--- The input Enclosed Below ---

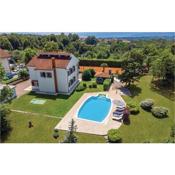 Amazing home in Viskovo with 6 Bedrooms, WiFi and Outdoor swimming pool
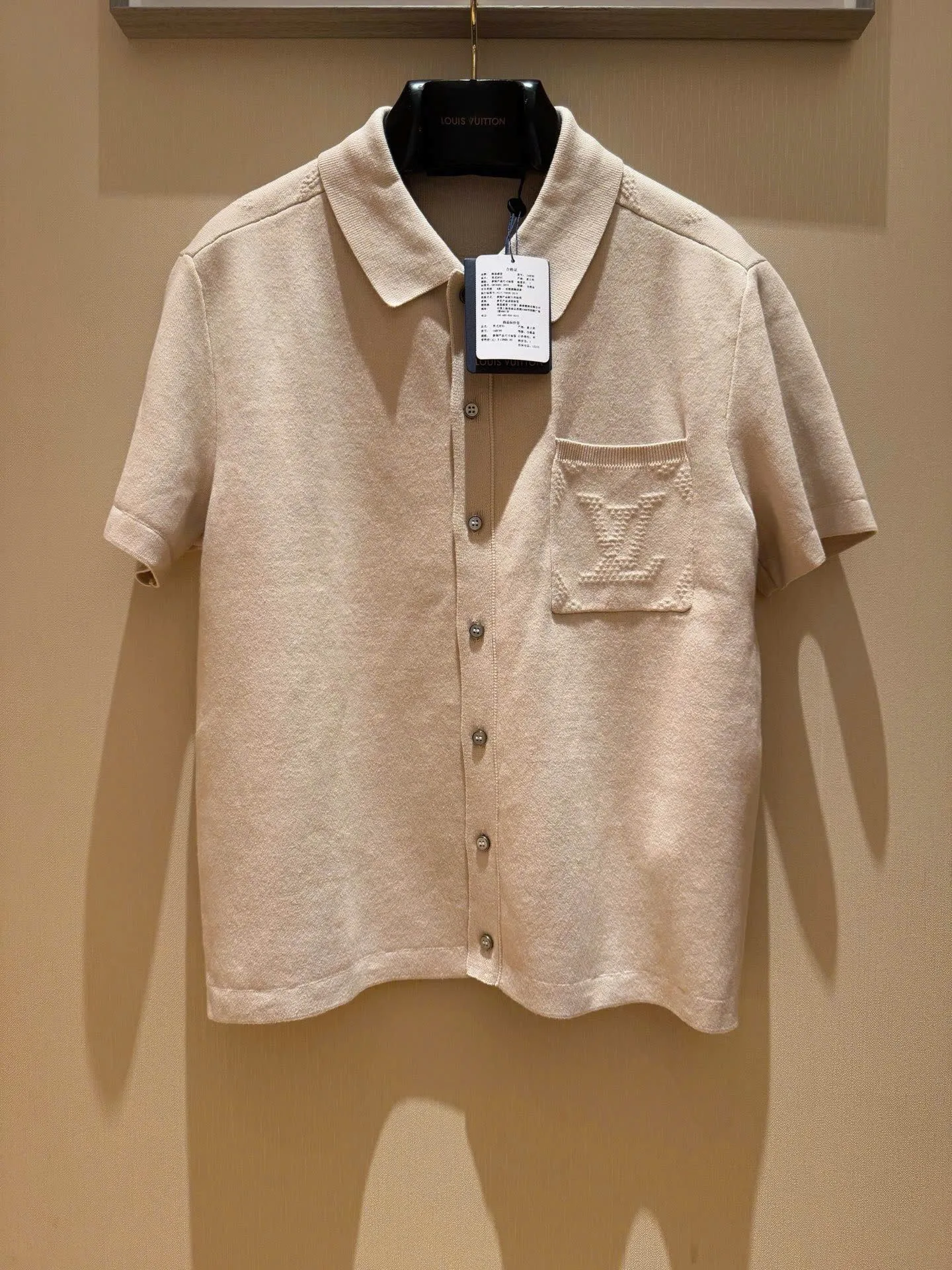 Áo sơ mi nam màu vàng LV tay ngắn mã 1 phong cách cá tính premium Áo sơ mi nam màu vàng LV tay ngắn mã 1 phong cách cá tính premium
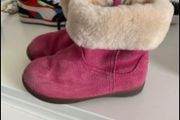 Kids Uggs Size 7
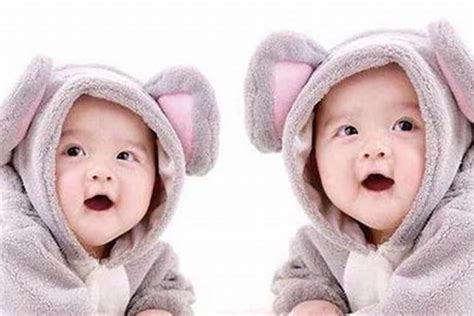 韩星为三胞胎取名大韩民国万岁 贺年照萌翻众人_娱乐_腾讯网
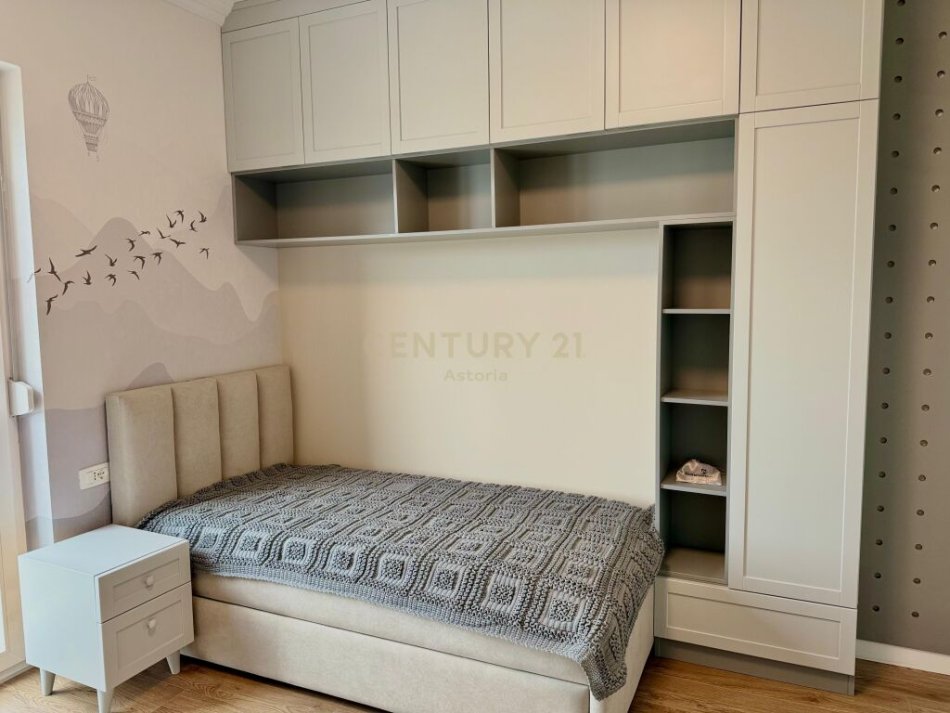 SHITET APARTAMENT PREMIUM 2+1+2+PARKIM TE LIQENI THATE, PARK LIFE RESIDENCE.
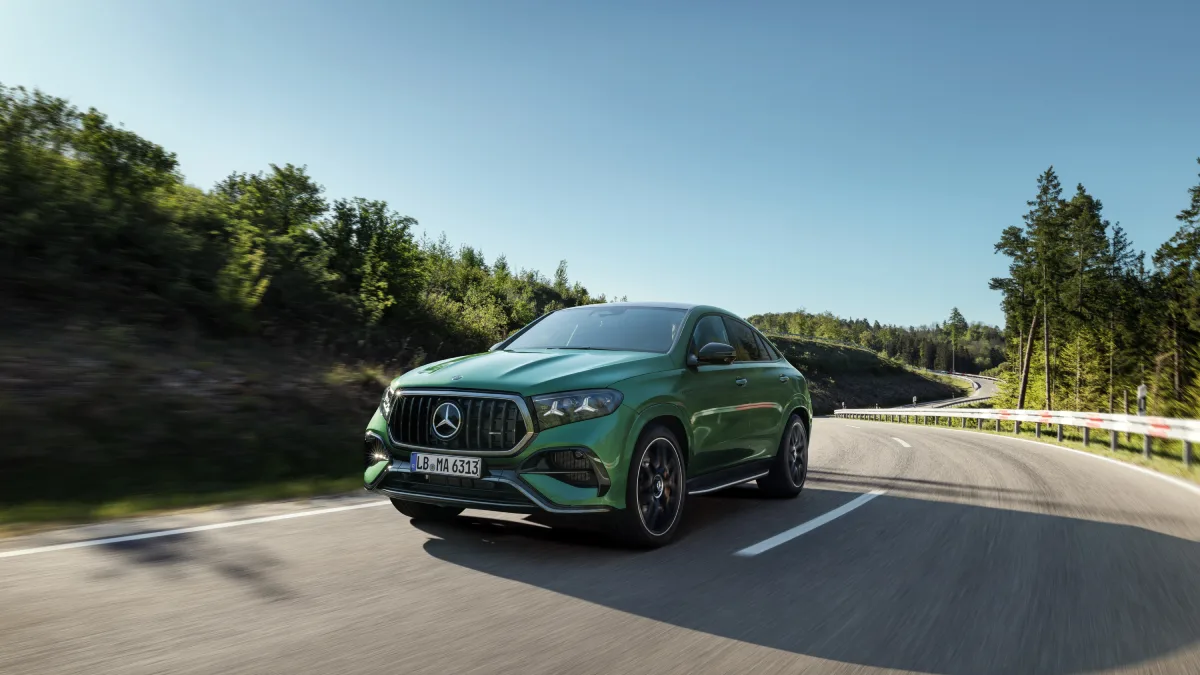 Mercedes-AMG GLE 63 S 4MATIC+ w ruchu na górskiej drodze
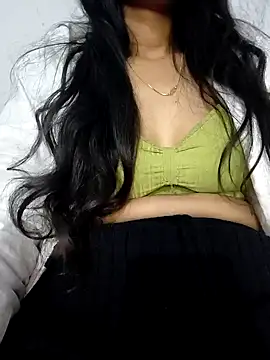 Snapshot of catreena chatting on 01.26.25 catreena online show from 01.26.25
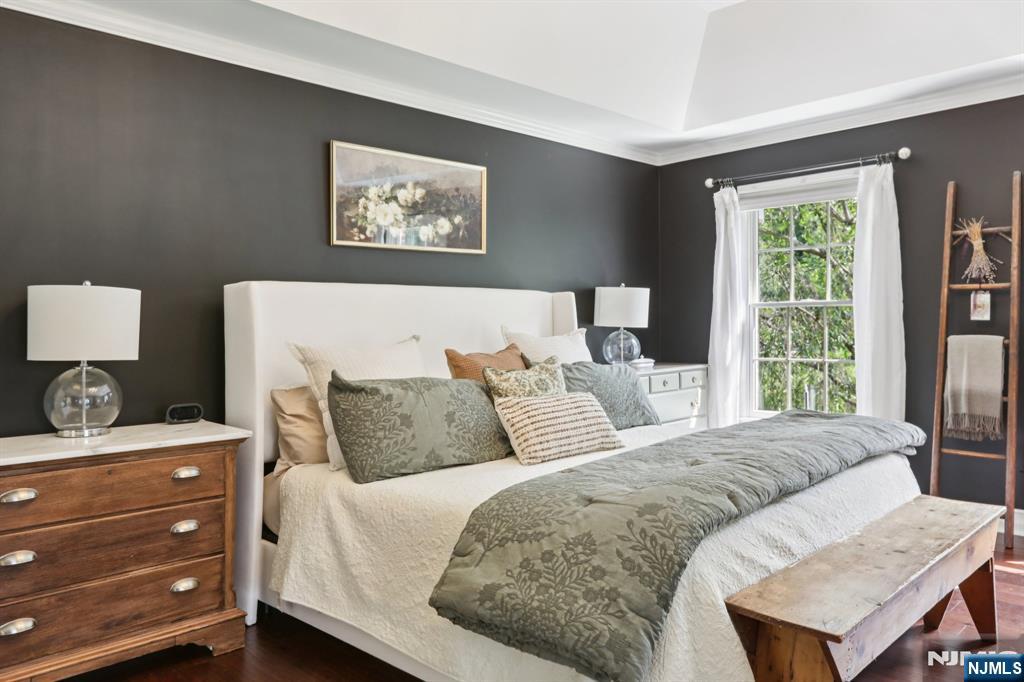 property viewer photo 27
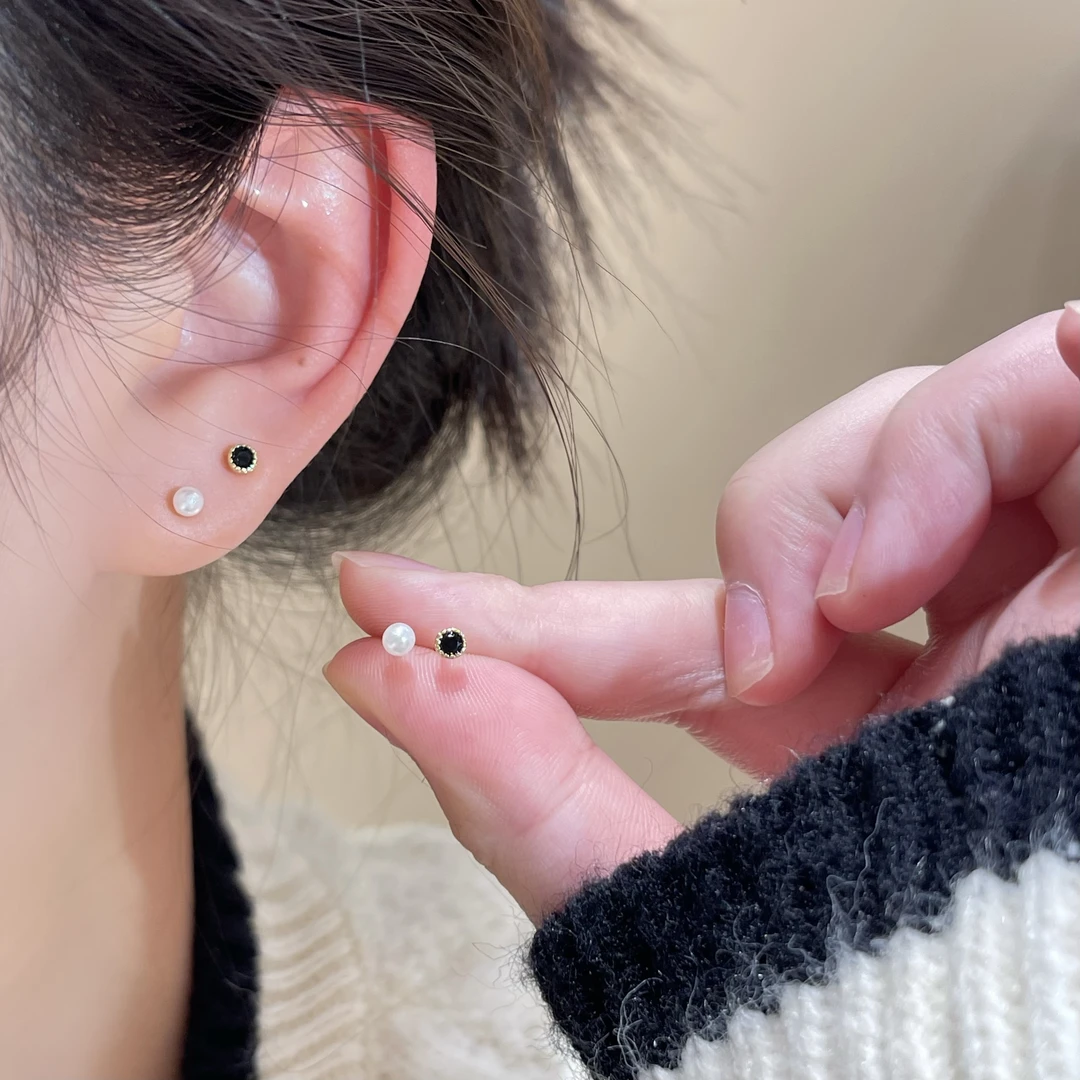 W767黑色圆形珠珠组合四件套轻奢高级优雅简约小众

--- End of Enclosed The input ---

## Required work
Please print exactly the lines from the line containing "韩星为三胞胎取名大韩民国万岁 贺年照萌翻众人_娱乐_腾讯网" through the end of the records above, both included, leaving out every picture.

## Written reply
 韩星为三胞胎取名大韩民国万岁 贺年照萌翻众人_娱乐_腾讯网
 SHITET APARTAMENT PREMIUM 2+1+2+PARKIM TE LIQENI THATE, PARK LIFE RESIDENCE.
 Mercedes-AMG GLE 63 S 4MATIC+ w ruchu na górskiej drodze
 Snapshot of catreena chatting on 01.26.25 catreena online show from 01.26.25
 property viewer photo 27
 W767黑色圆形珠珠组合四件套轻奢高级优雅简约小众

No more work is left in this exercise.